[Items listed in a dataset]
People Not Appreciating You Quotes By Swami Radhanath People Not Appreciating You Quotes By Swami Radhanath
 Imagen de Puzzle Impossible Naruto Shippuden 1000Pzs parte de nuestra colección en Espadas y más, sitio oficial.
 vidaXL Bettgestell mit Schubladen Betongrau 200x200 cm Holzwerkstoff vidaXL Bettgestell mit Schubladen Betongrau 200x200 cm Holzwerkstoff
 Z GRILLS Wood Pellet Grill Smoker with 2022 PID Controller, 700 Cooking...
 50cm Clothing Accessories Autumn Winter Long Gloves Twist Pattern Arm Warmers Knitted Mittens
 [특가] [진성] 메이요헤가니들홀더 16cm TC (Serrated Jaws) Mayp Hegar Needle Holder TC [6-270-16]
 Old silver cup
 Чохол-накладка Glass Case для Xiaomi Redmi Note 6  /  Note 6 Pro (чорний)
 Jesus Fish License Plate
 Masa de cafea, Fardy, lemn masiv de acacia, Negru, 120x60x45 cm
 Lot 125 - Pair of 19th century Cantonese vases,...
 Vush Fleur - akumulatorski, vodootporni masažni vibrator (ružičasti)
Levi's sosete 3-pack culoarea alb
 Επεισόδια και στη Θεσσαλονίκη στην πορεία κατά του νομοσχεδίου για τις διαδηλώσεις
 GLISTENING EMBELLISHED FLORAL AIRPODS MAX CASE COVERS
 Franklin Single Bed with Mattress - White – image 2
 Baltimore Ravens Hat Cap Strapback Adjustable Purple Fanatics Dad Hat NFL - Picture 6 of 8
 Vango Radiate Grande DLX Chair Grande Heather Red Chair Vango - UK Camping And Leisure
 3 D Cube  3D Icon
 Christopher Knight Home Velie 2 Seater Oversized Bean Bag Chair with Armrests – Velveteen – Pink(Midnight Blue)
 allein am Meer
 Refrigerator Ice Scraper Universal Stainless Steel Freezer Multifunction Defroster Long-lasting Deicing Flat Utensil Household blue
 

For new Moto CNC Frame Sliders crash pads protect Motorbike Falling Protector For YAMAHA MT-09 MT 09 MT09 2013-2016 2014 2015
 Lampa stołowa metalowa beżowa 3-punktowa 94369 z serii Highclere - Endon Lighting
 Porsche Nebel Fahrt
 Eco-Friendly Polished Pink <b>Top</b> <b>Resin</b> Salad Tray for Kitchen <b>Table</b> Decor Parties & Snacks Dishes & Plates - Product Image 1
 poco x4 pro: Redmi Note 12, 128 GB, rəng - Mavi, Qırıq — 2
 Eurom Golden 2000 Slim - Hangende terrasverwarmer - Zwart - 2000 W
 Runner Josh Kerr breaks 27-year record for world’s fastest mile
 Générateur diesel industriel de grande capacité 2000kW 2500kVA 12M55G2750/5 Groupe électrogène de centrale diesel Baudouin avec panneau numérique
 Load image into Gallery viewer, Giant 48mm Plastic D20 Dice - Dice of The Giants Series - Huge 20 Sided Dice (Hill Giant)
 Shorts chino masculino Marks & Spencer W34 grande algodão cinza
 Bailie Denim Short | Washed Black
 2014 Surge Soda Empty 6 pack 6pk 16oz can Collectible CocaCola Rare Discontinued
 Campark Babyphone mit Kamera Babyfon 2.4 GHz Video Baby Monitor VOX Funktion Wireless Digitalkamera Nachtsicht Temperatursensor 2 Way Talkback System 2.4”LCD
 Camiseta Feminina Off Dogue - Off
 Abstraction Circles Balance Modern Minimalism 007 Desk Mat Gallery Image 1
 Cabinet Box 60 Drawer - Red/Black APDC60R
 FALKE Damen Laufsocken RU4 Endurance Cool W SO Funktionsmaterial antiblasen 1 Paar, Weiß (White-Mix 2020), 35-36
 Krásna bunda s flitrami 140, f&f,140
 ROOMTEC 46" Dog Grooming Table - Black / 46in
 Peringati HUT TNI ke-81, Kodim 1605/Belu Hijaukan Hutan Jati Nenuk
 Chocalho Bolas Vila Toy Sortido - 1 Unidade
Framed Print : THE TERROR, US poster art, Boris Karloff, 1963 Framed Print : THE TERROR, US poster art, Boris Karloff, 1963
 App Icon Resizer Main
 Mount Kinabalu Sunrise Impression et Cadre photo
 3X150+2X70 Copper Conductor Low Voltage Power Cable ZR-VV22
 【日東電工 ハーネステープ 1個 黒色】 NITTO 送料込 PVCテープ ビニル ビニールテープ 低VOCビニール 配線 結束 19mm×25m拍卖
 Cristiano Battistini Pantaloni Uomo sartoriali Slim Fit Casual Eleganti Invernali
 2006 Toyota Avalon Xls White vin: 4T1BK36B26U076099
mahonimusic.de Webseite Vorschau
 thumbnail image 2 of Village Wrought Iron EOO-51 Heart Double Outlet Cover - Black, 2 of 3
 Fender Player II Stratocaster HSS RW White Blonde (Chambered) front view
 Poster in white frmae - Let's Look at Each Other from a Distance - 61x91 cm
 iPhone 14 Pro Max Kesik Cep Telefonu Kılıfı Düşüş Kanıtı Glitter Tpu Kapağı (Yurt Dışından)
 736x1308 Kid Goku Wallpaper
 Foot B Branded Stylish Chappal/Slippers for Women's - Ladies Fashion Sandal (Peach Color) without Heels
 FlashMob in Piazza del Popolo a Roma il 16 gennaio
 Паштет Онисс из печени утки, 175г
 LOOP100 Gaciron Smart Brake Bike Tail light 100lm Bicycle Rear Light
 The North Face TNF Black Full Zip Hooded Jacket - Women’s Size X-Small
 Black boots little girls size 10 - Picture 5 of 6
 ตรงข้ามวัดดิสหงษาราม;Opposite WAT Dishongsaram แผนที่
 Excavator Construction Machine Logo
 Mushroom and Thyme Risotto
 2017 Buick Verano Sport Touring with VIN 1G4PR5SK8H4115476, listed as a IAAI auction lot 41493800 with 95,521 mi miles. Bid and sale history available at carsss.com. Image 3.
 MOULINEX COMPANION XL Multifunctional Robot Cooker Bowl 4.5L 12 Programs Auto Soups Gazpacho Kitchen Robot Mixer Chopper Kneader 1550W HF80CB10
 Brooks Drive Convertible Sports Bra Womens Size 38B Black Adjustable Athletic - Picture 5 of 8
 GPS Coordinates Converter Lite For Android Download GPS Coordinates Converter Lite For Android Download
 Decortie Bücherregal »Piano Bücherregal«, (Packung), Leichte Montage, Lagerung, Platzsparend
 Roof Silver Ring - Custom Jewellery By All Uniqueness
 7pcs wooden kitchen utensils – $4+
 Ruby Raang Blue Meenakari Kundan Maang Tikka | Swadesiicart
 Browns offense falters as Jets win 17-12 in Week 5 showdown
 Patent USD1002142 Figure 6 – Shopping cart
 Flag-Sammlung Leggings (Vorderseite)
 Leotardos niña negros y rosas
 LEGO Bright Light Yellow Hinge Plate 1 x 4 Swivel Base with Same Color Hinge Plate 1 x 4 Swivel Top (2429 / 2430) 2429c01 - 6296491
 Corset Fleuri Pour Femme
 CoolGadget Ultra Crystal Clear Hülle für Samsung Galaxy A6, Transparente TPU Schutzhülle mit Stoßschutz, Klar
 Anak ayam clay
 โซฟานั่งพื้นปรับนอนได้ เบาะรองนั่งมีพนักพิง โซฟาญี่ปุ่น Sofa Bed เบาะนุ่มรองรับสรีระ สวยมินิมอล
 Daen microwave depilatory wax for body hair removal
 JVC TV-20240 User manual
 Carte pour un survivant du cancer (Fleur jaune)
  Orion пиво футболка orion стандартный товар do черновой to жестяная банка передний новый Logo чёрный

> [About this task] Reproduce, character for character, only the lines of the preceding data that start at the line with "The North Face" and end at the line with "2017 Buick Verano", both included.

> [Exercise result]
 The North Face TNF Black Full Zip Hooded Jacket - Women’s Size X-Small
 Black boots little girls size 10 - Picture 5 of 6
 ตรงข้ามวัดดิสหงษาราม;Opposite WAT Dishongsaram แผนที่
 Excavator Construction Machine Logo
 Mushroom and Thyme Risotto
 2017 Buick Verano Sport Touring with VIN 1G4PR5SK8H4115476, listed as a IAAI auction lot 41493800 with 95,521 mi miles. Bid and sale history available at carsss.com. Image 3.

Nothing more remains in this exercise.